Between November and January, Walls and Peaches curated four Black Farmer Boxes. Each box contained fresh, organic produce from their respective farms and other products, such as eggs, sea moss, honey and sauces from other Black or minority farmers and entrepreneurs. The January box, for instance, contained spicy salad mix, daikon radish, carrots, cabbage, tatsoi, eggs and lemonade. Unfortunately, the winter storm that struck the Texas region in February took a toll on the crops and on the farmers, bringing the boxes to a halt.
As of April, Walls and Peaches expected to release their next box in May. Walls had also just leased an additional 2.5 acres with a grant she received from Kellogg’sto expand food production for both Ivy Leaf Farms and Fresh Life Organics. The pair also partnered with Cropswap, a California-based app that connects sustainable farms and consumers, to help with the logistics of distributing the boxes. Through the app, consumers can order, pay and select whether they want to pick up the box at a specified location or have the box delivered to them. Buyers will also have the option to donate a box.

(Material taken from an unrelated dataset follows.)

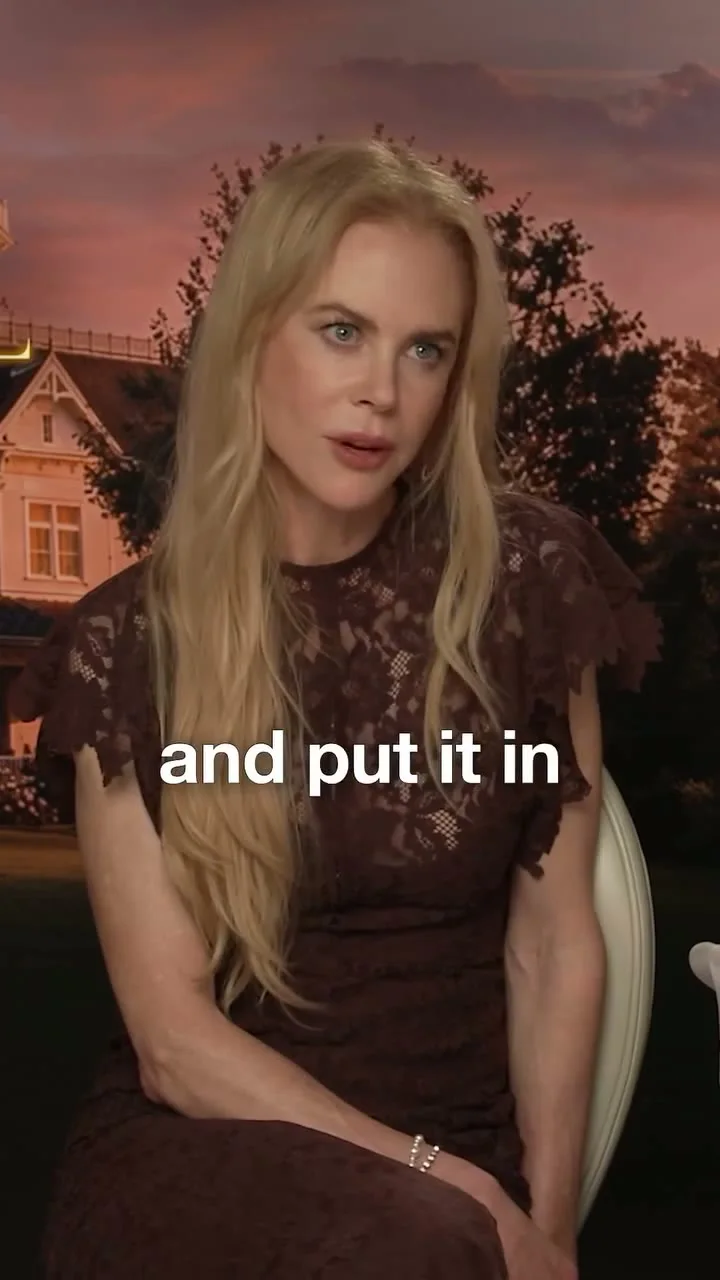 Beware Demons! Nicole Kidman Unveils Supernatural Hex Spells She Casts On Enemies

Because Walls and Peaches can hire their own delivery drivers, the partnership gives them another opportunity to create jobs in the community.
Walls and Peaches hope that Black Farmer Box can become something that can be replicated in other food desert communities, but even by joining forces, they know they alone can’t feed the entire Sunnyside community, so their goal is to bring attention to the neighborhood in hopes that it gets a grocery store. “This shouldn’t be our reality,” said Walls. “It’s silly to think that there’s only one grocery store for upwards of 20,000 people.”
In the meantime, people can support their efforts by becoming more aware of their local food desert communities and supporting the farmers there. If people buy 10% to 15% of their produce from urban farmers and gardeners, that will also go a long way.
Said Peaches: “When you donate to us, you’re not donating to Jeremy Peaches or Ivy Walls, you’re creating a job for someone like [my brother] who manages this warehouse and has his own business, his own product, his own farm within a year of doing the Black Farmer Box. When people buy his eggs, he’s going back to feed his family. Now he’s a contributor to the community.”